Closed Jason93K closed 5 years ago

Jason93K commented 5 years ago

Hello, @sacmehta Thank you for your impressive work. However, I don't know how to measure the inference speed of the network properly. I created the [1, 3, 512, 1024] size of input and tried to measure the only model execution time except the first iteration. When I used torch.cuda.synchronize() or cudnn.benchmark=True which are used in eval_forwardTime.py of ERFNet, the speed was not even close to 112. Can you share the codes that you used to measure the inference speed?

P.S.: I use python 3.7, PyTorch 0.4.1, CUDA 9.0, cudnn 7.1, Titan X gpu.
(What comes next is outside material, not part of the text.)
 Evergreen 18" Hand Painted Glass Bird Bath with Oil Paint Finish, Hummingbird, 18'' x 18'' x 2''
yun-liu commented 5 years ago

I met the same problem, and there seems to be the same problem in other small networks https://github.com/wutianyiRosun/CGNet/issues/2

torch.cuda.synchronize() is important to measure the correct speed for PyTorch.

My code is

model.eval()
for idx in range(300):
    input = Variable(torch.rand([3, 512, 1024]).unsqueeze(0), requires_grad=False).cuda(0)
    start_time = time.time()
    out = model(input)
    torch.cuda.synchronize()
    time_taken = time.time() - start_time
    print("Run-Time: %.4f s" % time_taken)
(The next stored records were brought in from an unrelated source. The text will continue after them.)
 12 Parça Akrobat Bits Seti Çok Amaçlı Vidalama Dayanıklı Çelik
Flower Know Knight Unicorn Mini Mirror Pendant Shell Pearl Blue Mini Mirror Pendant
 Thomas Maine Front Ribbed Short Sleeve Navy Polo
The maximum speed of ESPNet is 61.0fps (for 512 x 1024 RGB images) on a TITAN Xp GPU.

sacmehta commented 5 years ago

Try this code. Please feel free to make changes

import numpy as np
import torch

def computeTime(model, device='cuda'):
    inputs = torch.randn(1, 3, 512, 1024)
    if device == 'cuda':
        model = model.cuda()
        inputs = inputs.cuda()

    model.eval()

    i = 0
    time_spent = []
    while i < 100:
        start_time = time.time()
        with torch.no_grad():
            _ = model(inputs)

        if device == 'cuda':
            torch.cuda.synchronize()  # wait for cuda to finish (cuda is asynchronous!)
        if i != 0:
            time_spent.append(time.time() - start_time)
        i += 1
    print('Avg execution time (ms): {:.3f}'.format(np.mean(time_spent)))

model = ESPNet()
computeTime(model)

yun-liu commented 5 years ago

@sacmehta Thank you very much for your reply! With your code, I find the runtime for a 512 x 1024 input is between 0.010 second and 0.014 second on a TITAN Xp GPU, close to your results. Maybe the runtime fluctuation is because of the PyTorch framework. Thanks again!
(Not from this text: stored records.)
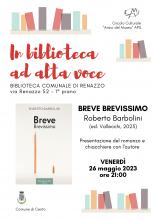 locandina informativa con fotografia copertina libro Breve Brevissimo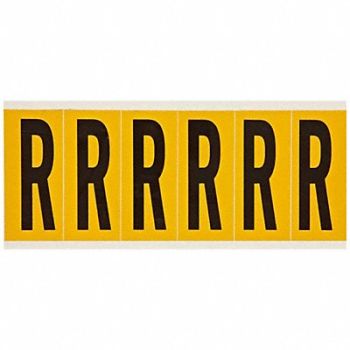 BRADY Letter Label R 1-1/2 in W x 3-1/2 in H, 24UZ25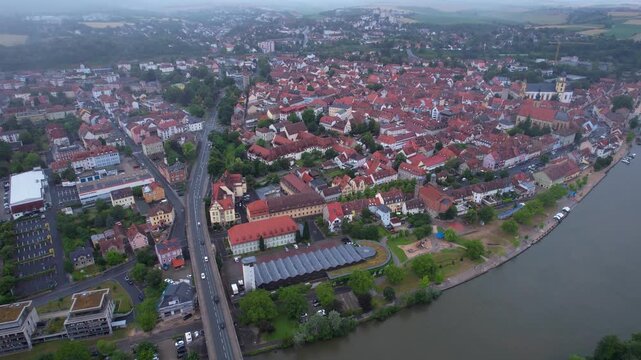 Aerial panorama view of the old town of the city Kitzingen during an cloudy summer day in Bavaria, germany	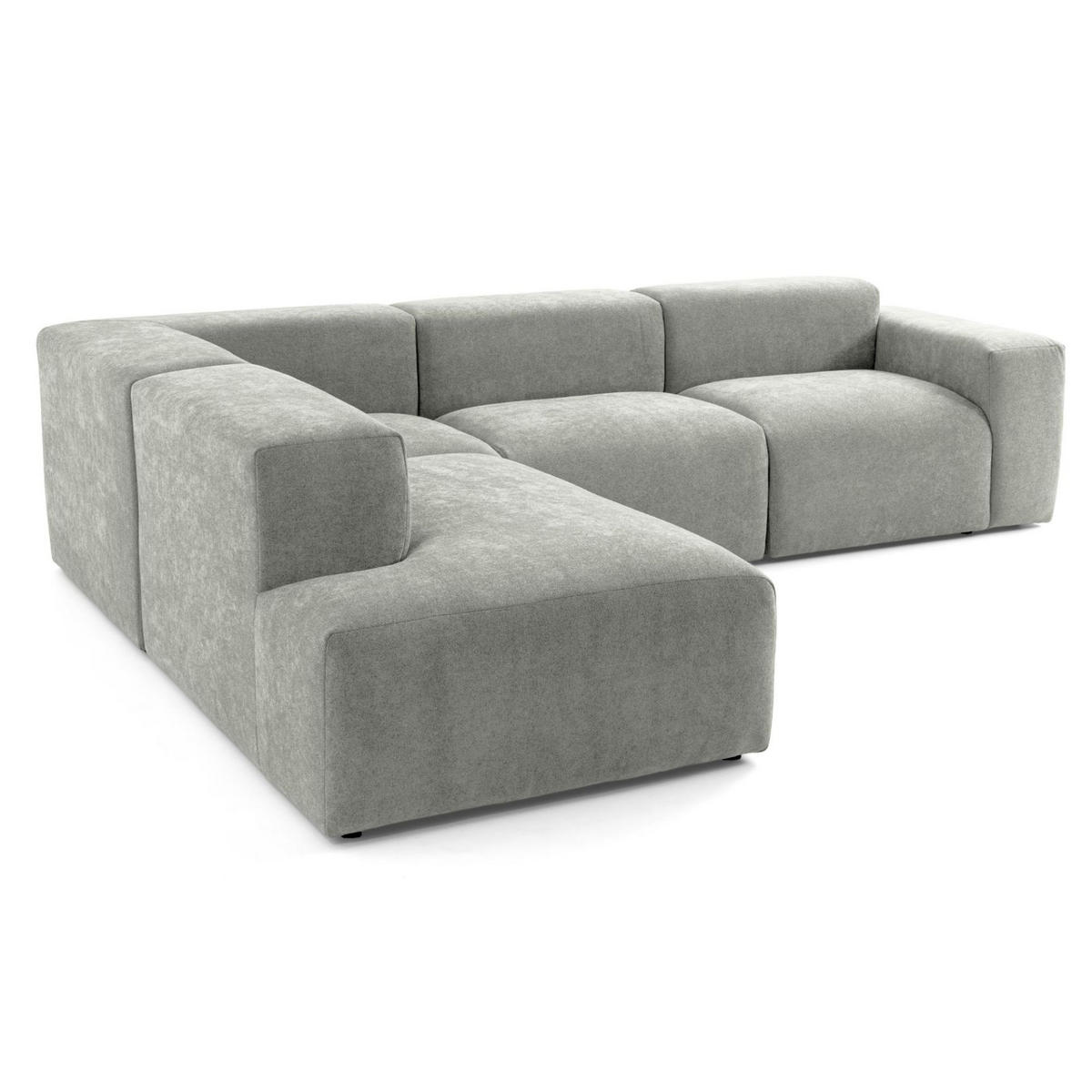 4-SITZER modulares Ecksofa HEAVEN SET 2 Links, Breite 300 cm Webstoff Grau - Schwarz/Grau, Holz/Kunststoff (300/245cm) - Muffo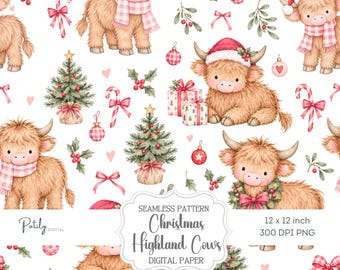 Highland Cow Christmas Seamless Pattern, Cute Christmas Digital Paper, Festive Cow Pattern PNG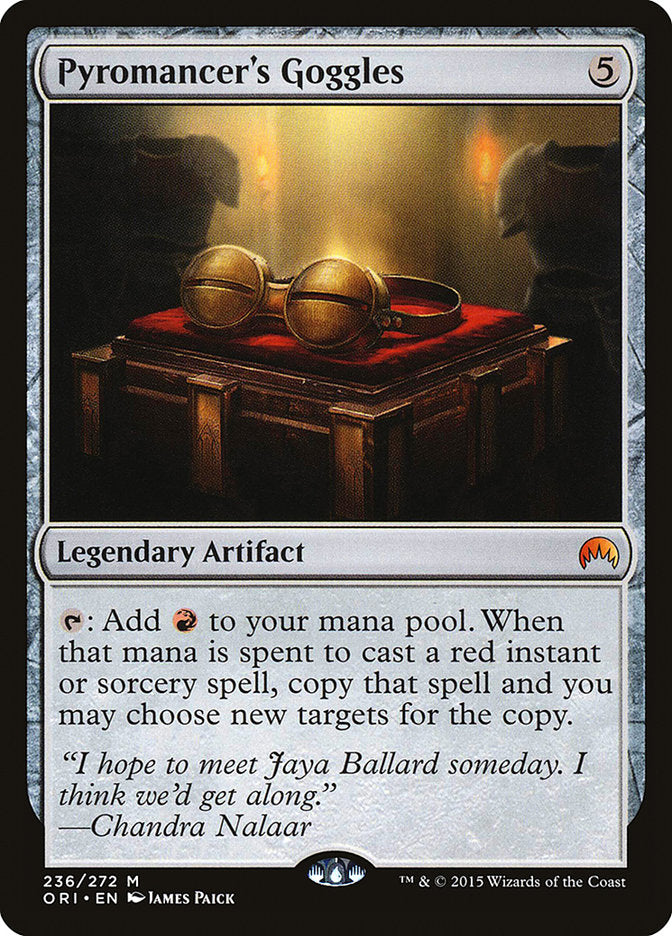 This Is An Image Of The Magic The Gathering Card Pyromancer's Goggles From The Set Foundations - Designed By Artist Kevin Sidharta
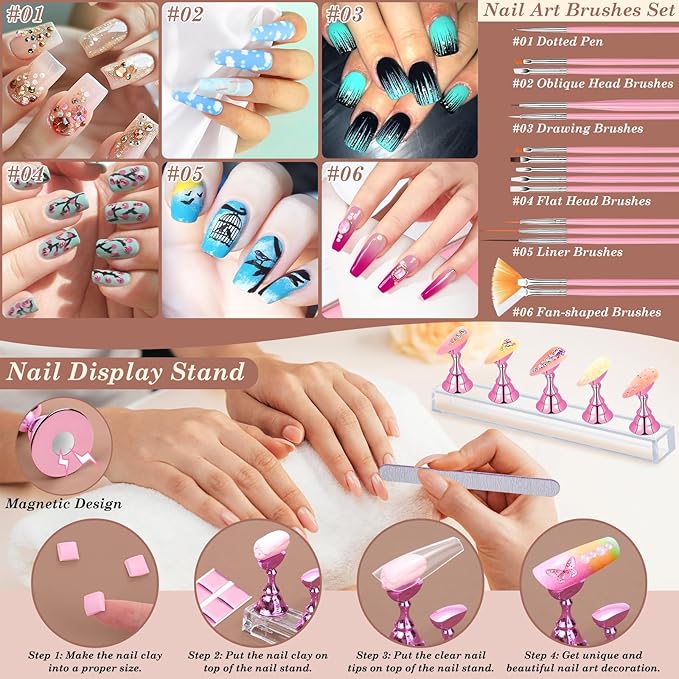 600PCS Clear Coffin Nail Tips and 240PCS Short Press On Nails Set, Clear Acrylic Nail Tips with Glue, Nail Art Brushes and Nail Display Stand, Nail Tips for Salons and Home DIY Nail Art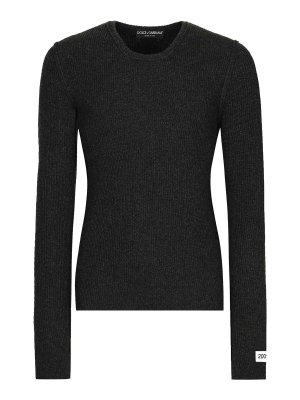DOLCE & GABBANA: Suéteres con cuello pico - Suéter Cuello Redondo - Gris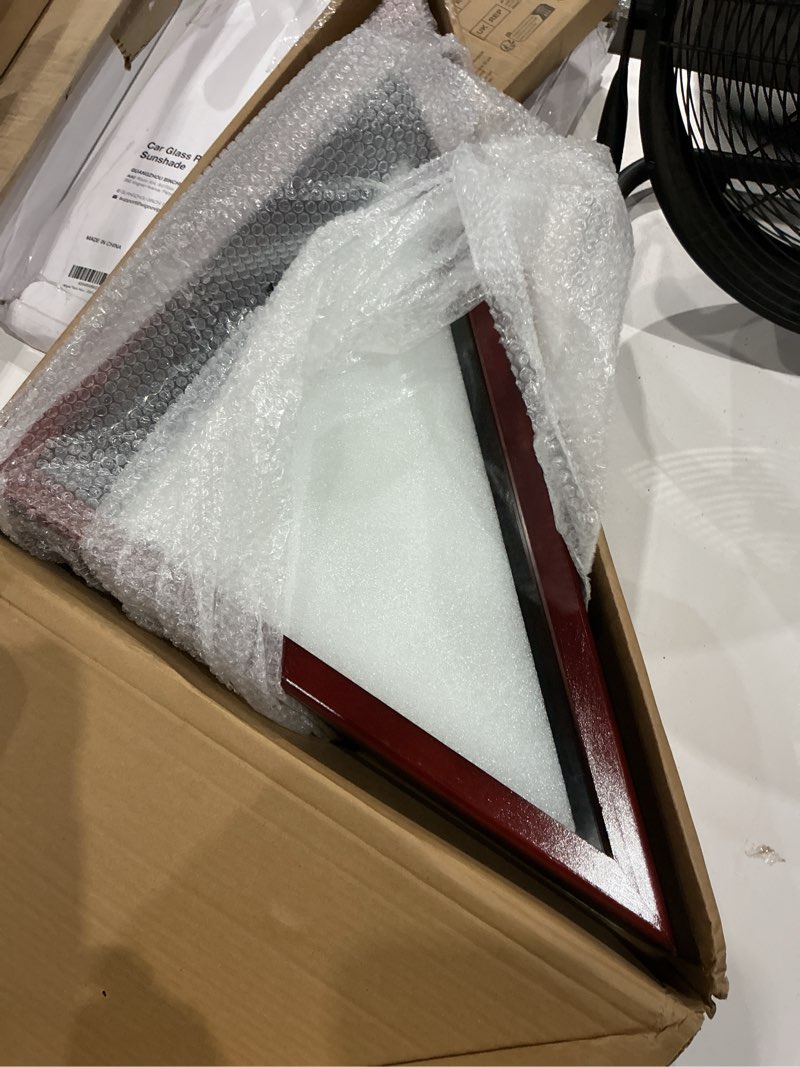 glass front flag display case for 5' x 9.5' folded burial flag, mahogany solid wood frame, wall mount military flag box display case for veterans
Jason93K commented 5 years ago

@yun-liu Thank you for letting me know another network issue. @sacmehta Thank you for replying and sharing your code. I found ESPNet took about 0.00824 seconds on Titan Xp gpu, but it took about 0.01406 seconds on Titan X gpu...

sacmehta commented 5 years ago

For benchmarking, Please make sure that no other tasks are running on your machine (on both CPU and GPU) while measuring inference time.

pyradd commented 4 years ago

@sacmehta why does print('Avg execution time (ms): {:.3f}'.format(np.mean(time_spent))) has an "ms" in this line? Isnt that execution time in seconds?